Traditionally, utilities built and operated a portfolio of generation plants consisting of a few large base load units – typically nuclear or coal – some intermediate plants and a number of peakers – typically natural gas fired units with rapid ramping capability (visual below).
Base load units ran flat out year-round, 24/7; the intermediate units were used to fill the fluctuations in demand while the peakers were used sparingly to meet occasional surges in demand, say on hot summer afternoons when air conditioning load would spike for a few hours.
Fast forward to 2019 and beyond and one is likely to encounter a different paradigm where on many networks an increasing share of generation is provided by renewable resources, most likely wind and solar, neither of which is dispatchable nor totally predictable.
In this environment, what the grid operators crave the most is flexible generation, especially those with rapid ramping capability to fill in any unexpected shortfalls in renewable generation and to maintain the system’s reliability.

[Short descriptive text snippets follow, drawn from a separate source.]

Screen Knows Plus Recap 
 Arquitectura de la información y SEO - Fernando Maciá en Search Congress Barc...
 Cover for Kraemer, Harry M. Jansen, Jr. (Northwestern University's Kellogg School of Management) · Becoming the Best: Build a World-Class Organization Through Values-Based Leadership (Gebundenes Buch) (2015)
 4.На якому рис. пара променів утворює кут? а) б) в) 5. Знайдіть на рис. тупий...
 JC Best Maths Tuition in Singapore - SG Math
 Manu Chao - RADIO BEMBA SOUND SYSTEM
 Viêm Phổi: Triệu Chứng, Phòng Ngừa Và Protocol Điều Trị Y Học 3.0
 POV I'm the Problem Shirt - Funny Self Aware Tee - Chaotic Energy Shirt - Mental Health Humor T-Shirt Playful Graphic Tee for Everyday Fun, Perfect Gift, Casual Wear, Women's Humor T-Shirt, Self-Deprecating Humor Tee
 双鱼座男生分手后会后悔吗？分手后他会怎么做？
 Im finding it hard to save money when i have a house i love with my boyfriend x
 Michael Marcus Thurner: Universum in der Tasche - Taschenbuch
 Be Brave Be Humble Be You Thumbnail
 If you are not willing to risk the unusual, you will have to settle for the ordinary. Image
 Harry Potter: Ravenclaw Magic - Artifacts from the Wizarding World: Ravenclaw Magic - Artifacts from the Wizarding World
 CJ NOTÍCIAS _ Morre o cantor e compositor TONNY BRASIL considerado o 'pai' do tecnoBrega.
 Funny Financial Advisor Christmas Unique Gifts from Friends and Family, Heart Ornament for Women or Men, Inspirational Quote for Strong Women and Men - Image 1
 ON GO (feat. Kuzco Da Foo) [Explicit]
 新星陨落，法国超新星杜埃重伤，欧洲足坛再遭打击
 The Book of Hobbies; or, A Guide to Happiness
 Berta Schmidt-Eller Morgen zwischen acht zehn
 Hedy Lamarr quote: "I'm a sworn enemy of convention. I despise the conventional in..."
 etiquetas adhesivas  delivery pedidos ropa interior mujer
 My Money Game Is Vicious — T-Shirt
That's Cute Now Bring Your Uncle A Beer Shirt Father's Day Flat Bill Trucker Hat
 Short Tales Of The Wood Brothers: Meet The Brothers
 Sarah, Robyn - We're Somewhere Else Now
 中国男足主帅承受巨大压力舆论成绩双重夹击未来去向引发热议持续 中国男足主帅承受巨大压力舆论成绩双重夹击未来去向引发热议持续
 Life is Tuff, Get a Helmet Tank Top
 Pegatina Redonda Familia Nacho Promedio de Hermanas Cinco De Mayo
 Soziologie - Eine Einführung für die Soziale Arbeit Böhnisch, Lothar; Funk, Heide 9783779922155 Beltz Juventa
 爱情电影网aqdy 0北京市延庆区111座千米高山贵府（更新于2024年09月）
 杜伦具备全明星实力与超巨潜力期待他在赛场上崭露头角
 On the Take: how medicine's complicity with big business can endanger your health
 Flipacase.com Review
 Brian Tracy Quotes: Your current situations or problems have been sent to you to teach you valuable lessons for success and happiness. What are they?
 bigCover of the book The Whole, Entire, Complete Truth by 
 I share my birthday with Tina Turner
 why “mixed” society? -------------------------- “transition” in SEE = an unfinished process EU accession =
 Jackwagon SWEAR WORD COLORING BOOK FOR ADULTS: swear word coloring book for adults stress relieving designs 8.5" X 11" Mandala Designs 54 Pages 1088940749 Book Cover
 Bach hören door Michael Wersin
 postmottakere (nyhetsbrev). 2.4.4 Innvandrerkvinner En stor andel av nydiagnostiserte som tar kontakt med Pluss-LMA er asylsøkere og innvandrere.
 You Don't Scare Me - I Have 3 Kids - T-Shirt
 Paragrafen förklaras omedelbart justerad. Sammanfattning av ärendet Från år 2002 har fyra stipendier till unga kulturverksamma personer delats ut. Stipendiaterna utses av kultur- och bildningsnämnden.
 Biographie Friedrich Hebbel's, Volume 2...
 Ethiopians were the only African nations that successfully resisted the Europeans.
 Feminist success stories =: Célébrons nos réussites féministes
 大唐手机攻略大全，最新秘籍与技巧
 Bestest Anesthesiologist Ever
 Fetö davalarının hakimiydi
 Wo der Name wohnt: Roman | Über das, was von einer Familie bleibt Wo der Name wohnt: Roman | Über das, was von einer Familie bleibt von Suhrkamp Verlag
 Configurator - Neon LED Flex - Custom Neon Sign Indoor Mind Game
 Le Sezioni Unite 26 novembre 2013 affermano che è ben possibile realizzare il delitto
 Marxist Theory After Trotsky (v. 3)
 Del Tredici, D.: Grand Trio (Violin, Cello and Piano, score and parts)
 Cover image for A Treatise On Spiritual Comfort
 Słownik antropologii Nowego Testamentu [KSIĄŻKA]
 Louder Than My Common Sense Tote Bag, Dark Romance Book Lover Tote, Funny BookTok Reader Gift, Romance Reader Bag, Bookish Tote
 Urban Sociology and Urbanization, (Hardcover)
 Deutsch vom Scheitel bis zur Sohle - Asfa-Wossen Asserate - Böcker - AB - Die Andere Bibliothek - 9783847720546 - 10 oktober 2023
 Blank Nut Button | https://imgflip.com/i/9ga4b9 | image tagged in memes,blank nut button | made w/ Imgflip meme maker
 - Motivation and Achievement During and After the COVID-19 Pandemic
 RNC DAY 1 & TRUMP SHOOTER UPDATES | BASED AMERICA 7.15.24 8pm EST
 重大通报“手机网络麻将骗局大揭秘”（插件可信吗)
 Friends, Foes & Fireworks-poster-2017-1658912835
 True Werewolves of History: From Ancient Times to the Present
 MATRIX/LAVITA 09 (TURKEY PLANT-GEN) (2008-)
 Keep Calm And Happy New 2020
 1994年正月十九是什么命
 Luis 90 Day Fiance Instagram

This much is old news. What is new is that recent advances in energy storage technology, especially batteries, coupled with dramatic cost declines is making storage increasingly attractive relative to gas- fired peaking plants, which are not particularly efficient, are highly polluting and are expensive to maintain. Moreover, since peakers are infrequently used and only for a limited number of hours, they tend to be poor investments, sitting idle most of the time.
A case in point was a decision by San Francisco-based Pacific Gas & Electric Company (PG&E) backed by the regulator, the California Public Utilities Commission (CPUC) in Nov 2018 to replace 3 gas peakers with large battery storage units that would be among the world’s largest when completed.
The approved batteries would have a total of 567.5 MW of capacity with 2,270 MWh of storage consisting of a 300 MW, 1,200 MWh project from Vistra Energyand a 182.5 MW, 730 MWh Tesla battery that PG&E would own – all lithium-ion batteries.
Currently, the world’s largest lithium-ion battery is Tesla’s 100 MW, 127 MWh facility in South Australia (photo on next page) followed by Kyushu Electric Power Co. in Japan, which has a 50 MW, 300 MWh sodium-sulfur battery.
The CPUC directed PG&E to proceed with the batteries rather than signing contracts for 3 gas peakers based on analysis that showed that the cost of the batteries is
likely to be lower than continuing to operate the gas plants. This, despite the fact that natural gas is plentiful and cheap, is newsworthy.
Approval of PG&E’s landmark energy storage is the most significant example to date of batteries replacing fossil fuel generation on the power grid – in this case 3 plants owned by Calpine — the 580 MW Metcalf plant and the Feather River and Yuba City generators, both with 48 MW of capacity.
As with any approved infrastructure investment, PG&E will be allowed to recover the costs of the batteries from ratepayers through regulated rates based on the analysis that concluded that the batteries will be less expensive than the gas plants they will replace.
In describing the merits of batteries, Alex Eller, senior energy research analyst at Navigant, a consulting firm, told Utility Dive (9 Nov 2018) that, “Storage at this scale is likely now cheaper than the total cost to run the gas plants.” PG&E aims to have all 3 projects online by the end of 2020 – notwithstanding serious recent headwinds (box).
Aside from the cost advantage, batteries have much faster response time – they can virtually ramp up and down instantly by following signals from the grid operator. This makes them so much more useful allowing them to respond to fluctuations in solar or wind generation – say variations in wind speed or changes in solar output temporarily obscured by passing clouds. Gas peakers can barely match the flexibility and fast response time of batteries.